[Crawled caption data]
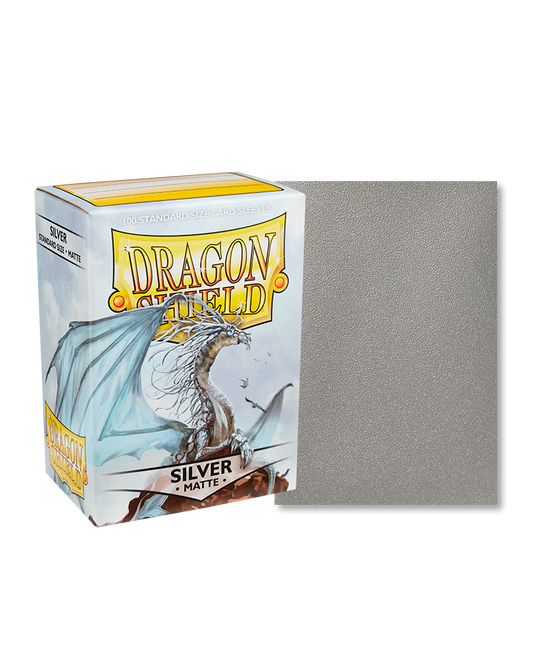 Dragon Shield Matte Silver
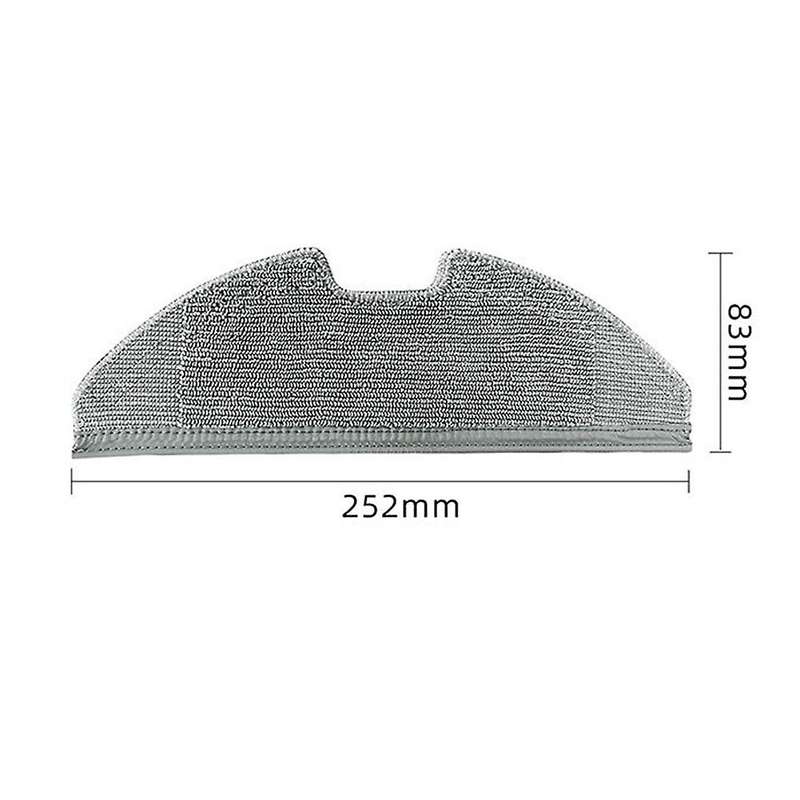 For Eufy Robovac G10 G30 Hepa Filter Mop Cloths Main Side Brush Kit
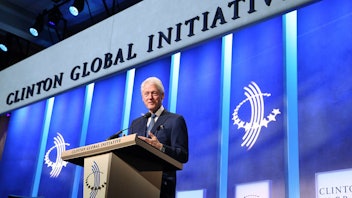 1. Clinton Global Initiative Annual Meeting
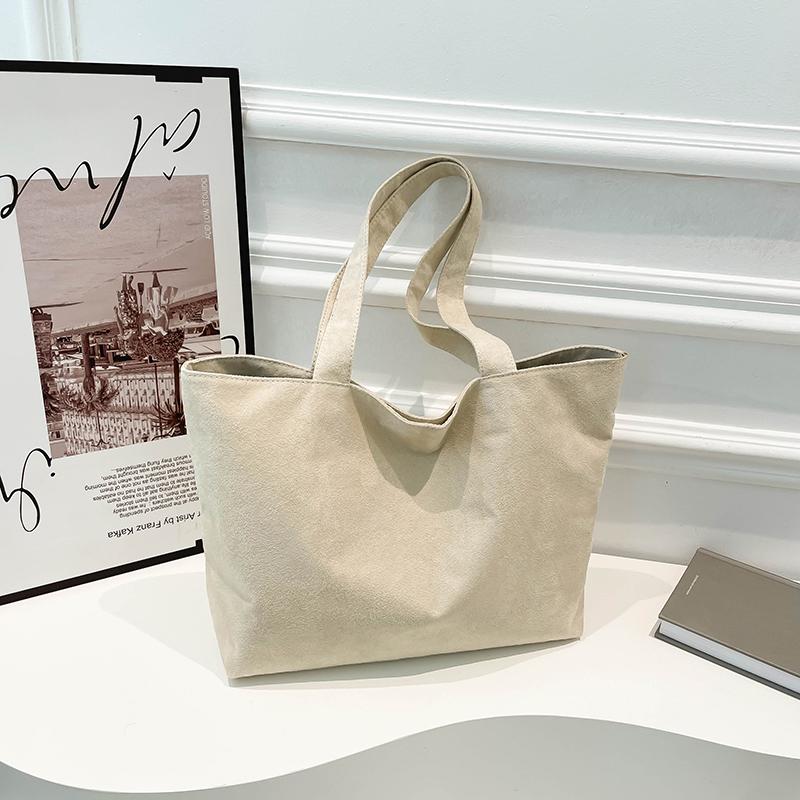 Yogodlns Матовая винтажная женская сумка Большая вместительная сумка через плечо — фото 22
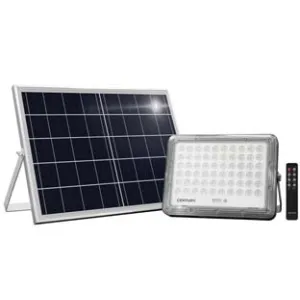PROIETTORE LED CON PANNELLO SOLARE DIMMERABILE PROMETEO IP65
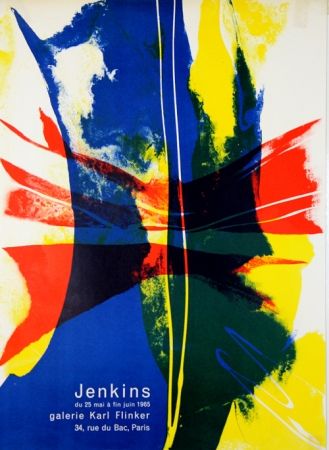 Lithograph Jenkins - Galerie Karl Flinker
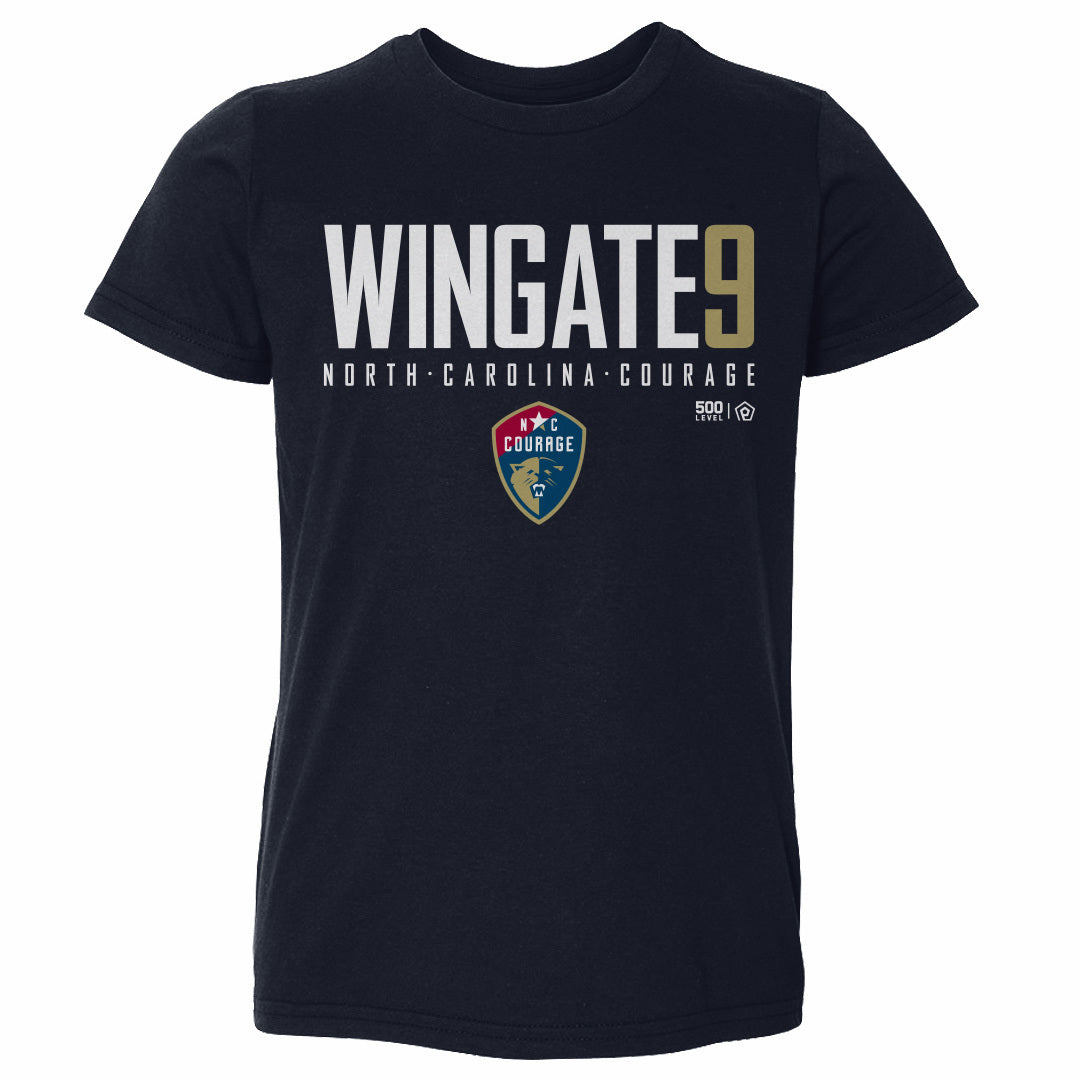 Olivia Wingate North Carolina Courage Elite WHT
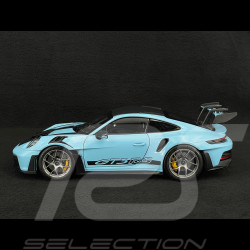 Porsche 911 GT3 RS Type 992 2022 Weissach Package Bleu Gulf 1/18 Norev 187367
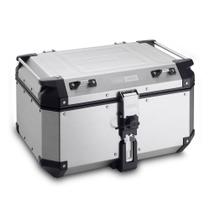 Bau 58 litros outback bauleto traseiro nacional givi obkn58abr prata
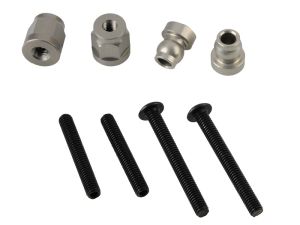 Mugen MSB1 Dämpferaufnahme Set Hinterachse B2537 – RC Auto Handling Upgrade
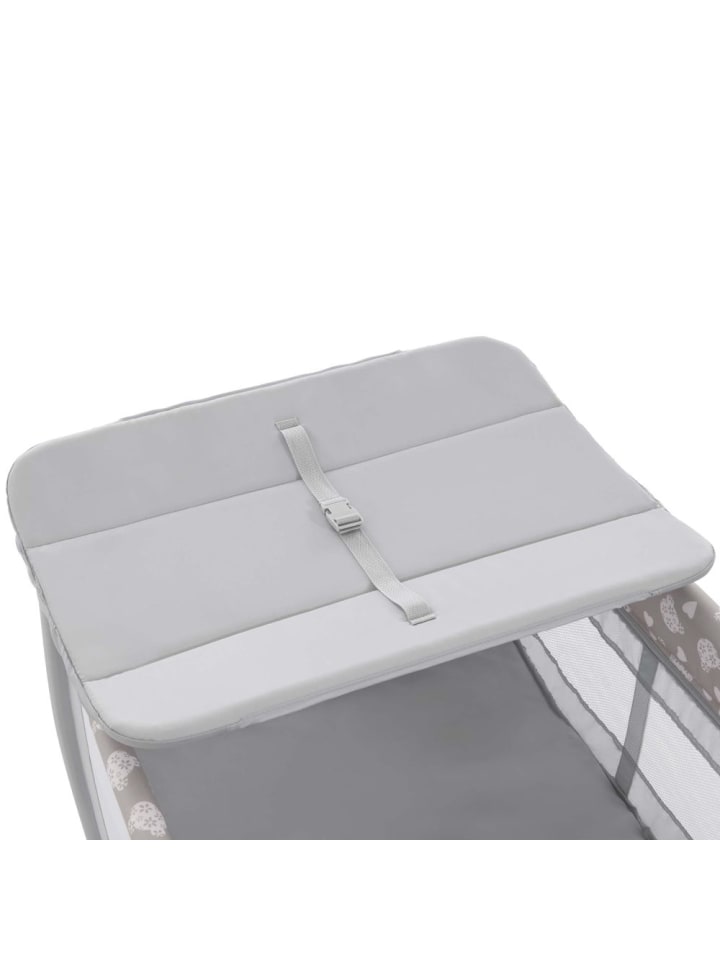 Hauck Reisebett Sleep'n Play Center mit Wickelauflage in beige,grau günstig kaufen onesize
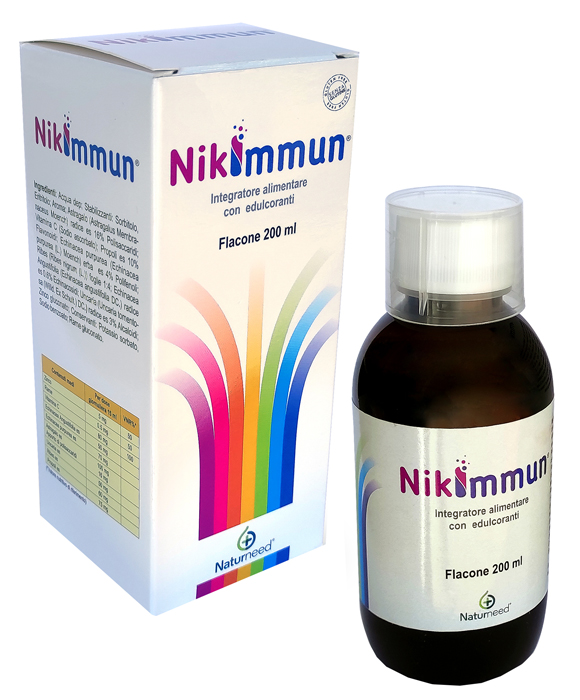 NIKIMMUN 200 ML - Farmacia Artemisia di Montecuollo Dott. Angelo snc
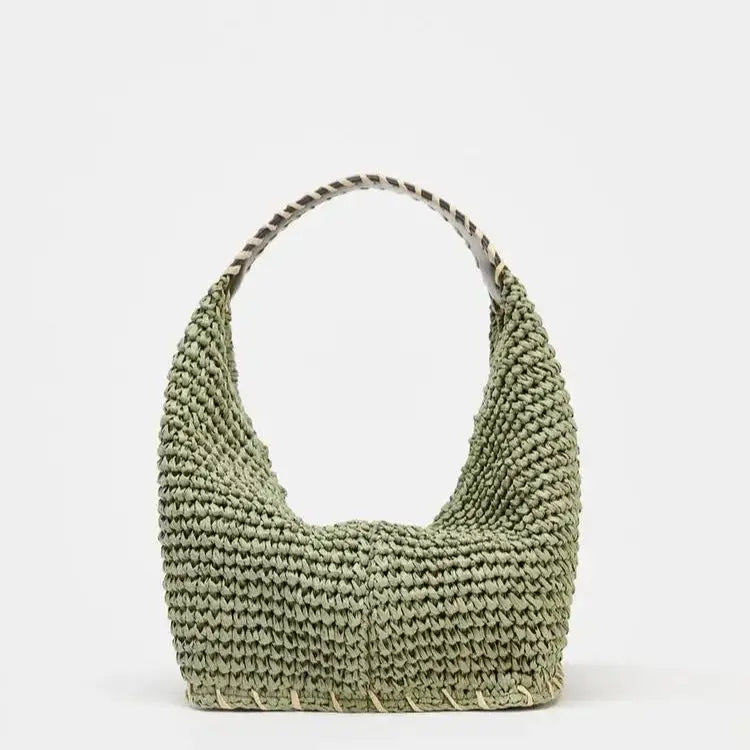 Savina Braided Shoulder Bag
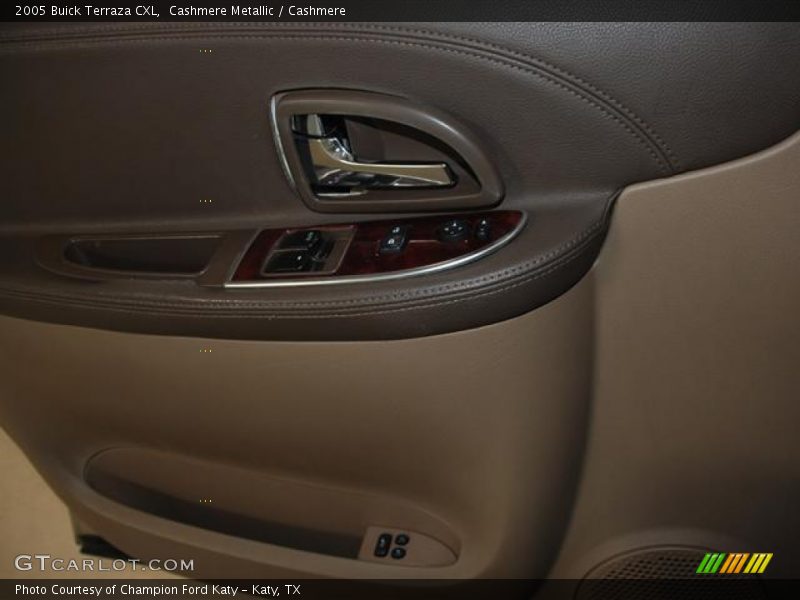 Cashmere Metallic / Cashmere 2005 Buick Terraza CXL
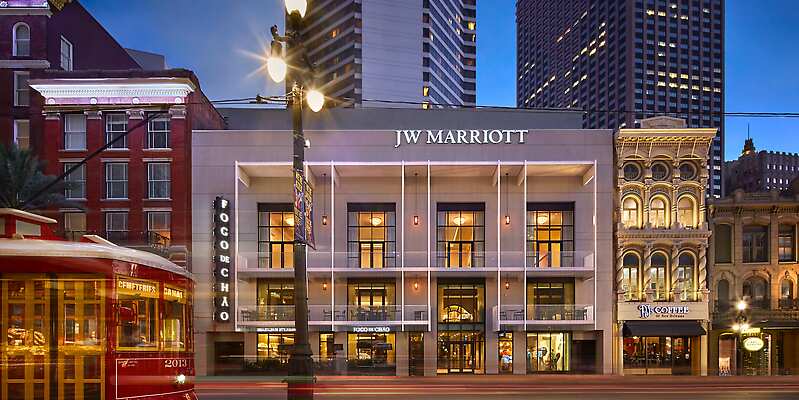 JW Marriott New Orleans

Your goal:
Give again, word for word, the lines from the one containing "Porsche 911 GT3" through the last line of the entries, with pictures omitted and nothing added.

Output for this exercise:
 Porsche 911 GT3 RS Type 992 2022 Weissach Package Bleu Gulf 1/18 Norev 187367
 Bau 58 litros outback bauleto traseiro nacional givi obkn58abr prata
 Mugen MSB1 Dämpferaufnahme Set Hinterachse B2537 – RC Auto Handling Upgrade
 Hauck Reisebett Sleep'n Play Center mit Wickelauflage in beige,grau günstig kaufen onesize
 NIKIMMUN 200 ML - Farmacia Artemisia di Montecuollo Dott. Angelo snc
 Savina Braided Shoulder Bag
 Cashmere Metallic / Cashmere 2005 Buick Terraza CXL
 JW Marriott New Orleans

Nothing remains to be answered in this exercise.